Session 6: Modelling Nanomaterial's effects

Modelling the environmental and human health impact of nanomaterials
Session 6: Modelling Nanomaterial's effects

Robert Rallo


Departament d’Enginyeria Informatica i Matematiques. Universitat Rovira i Virgili, Tarragona, Catalunya, Spain


Associate Professor


Nanotechnology has considerable global socioeconomic value and the benefits afforded by nanoscale materials and processes are expected to have significant impacts on almost all industries and areas of society. However, the safe application of nanotechnology at an industrial scale requires the careful consideration of the potential environmental and human health risks that may result from the introduction of engineered nanoparticles in the environment.
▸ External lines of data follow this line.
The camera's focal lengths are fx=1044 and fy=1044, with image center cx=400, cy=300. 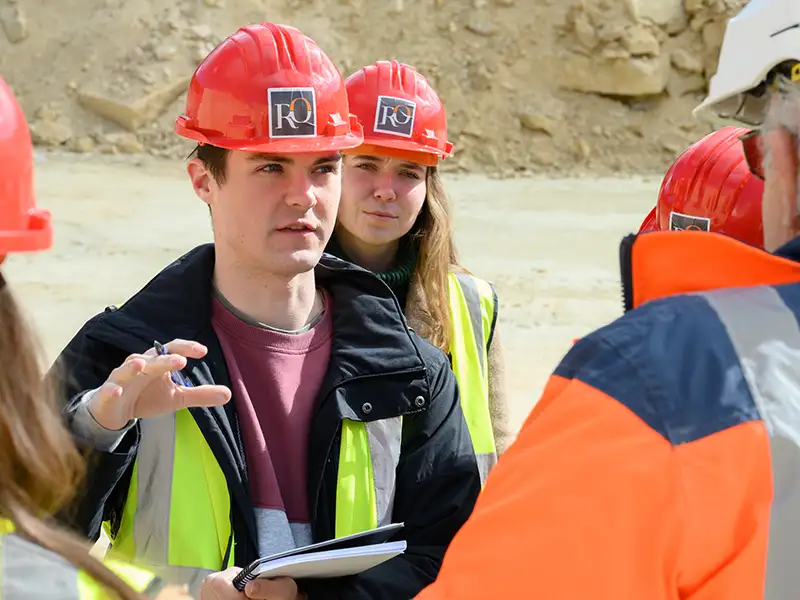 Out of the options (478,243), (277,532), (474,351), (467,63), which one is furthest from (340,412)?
(467,63)

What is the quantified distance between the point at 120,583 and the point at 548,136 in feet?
48.4

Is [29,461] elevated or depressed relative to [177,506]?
elevated

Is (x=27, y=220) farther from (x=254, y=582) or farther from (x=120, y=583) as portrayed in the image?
(x=254, y=582)

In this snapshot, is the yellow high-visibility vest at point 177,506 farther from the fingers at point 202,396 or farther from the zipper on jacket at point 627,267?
the zipper on jacket at point 627,267

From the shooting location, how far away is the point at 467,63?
16.1 meters

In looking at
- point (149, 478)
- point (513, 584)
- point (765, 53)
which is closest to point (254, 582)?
point (149, 478)

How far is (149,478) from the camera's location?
2.40 metres

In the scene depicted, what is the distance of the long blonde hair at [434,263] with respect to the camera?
352cm

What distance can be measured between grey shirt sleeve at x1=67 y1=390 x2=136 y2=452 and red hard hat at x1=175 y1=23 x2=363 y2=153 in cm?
82

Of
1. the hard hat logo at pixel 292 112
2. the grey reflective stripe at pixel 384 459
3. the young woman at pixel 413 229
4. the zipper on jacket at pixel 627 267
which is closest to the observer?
the zipper on jacket at pixel 627 267

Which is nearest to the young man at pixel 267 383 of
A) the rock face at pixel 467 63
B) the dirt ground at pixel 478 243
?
the dirt ground at pixel 478 243

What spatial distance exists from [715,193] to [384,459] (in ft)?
3.95

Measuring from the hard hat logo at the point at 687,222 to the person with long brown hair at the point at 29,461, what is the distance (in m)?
1.81

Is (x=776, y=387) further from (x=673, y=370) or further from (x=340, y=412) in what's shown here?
(x=340, y=412)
The development of future generations of safe-by-design nanoparticles requires the understanding of the mechanisms that govern their effects and interactions with living organisms. Traditionally, animal testing has been considered as the most reliable source of data for hazard and risk assessment. However, the huge amount of possible types of nanoparticles makes the application of traditional toxicity testing methods unfeasible for nanomaterials. Alternative testing strategies, combining in vitro high content screening with in silico toxicity prediction tools, are thus fundamental to ensure the safe application of nanotechnology.

In silico nanotoxicology is based on the establishment of robust and reliable relationships between structure and properties of nanoparticles and their interactions with biological systems (i.e., structure-activity relationships, SAR). Despite the incipient efforts in nanotoxicity modeling, the large number of possible nanoparticle types (e.g., diverse combinations of cores, surface modifications, functionalization, morphology, and size) hinders the development of universal models. The establishment of robust SARs for nanoparticles requires large repositories of high-quality characterization data (structure, physicochemical properties, endpoint information) that are not yet available. It is thus fundamental to put in place the proper computational strategies to accelerate the extraction and integration of existing information into consistent repositories so that in silico toxicity assessment tools can be developed and validated.

In this talk, we will summarize the progress made so far in the field of computational modeling of nanoparticle effects. We will summarize some of the major outcomes of MODERN (Modeling the Environmental and Human Health Effects of Nanomaterials), an EU FP7 Project that focuses on the understanding of the processes governing the interactions of nanoparticles with biological systems and their associated mechanisms of toxicity with the purpose of developing computational tools for nanosafety assessment.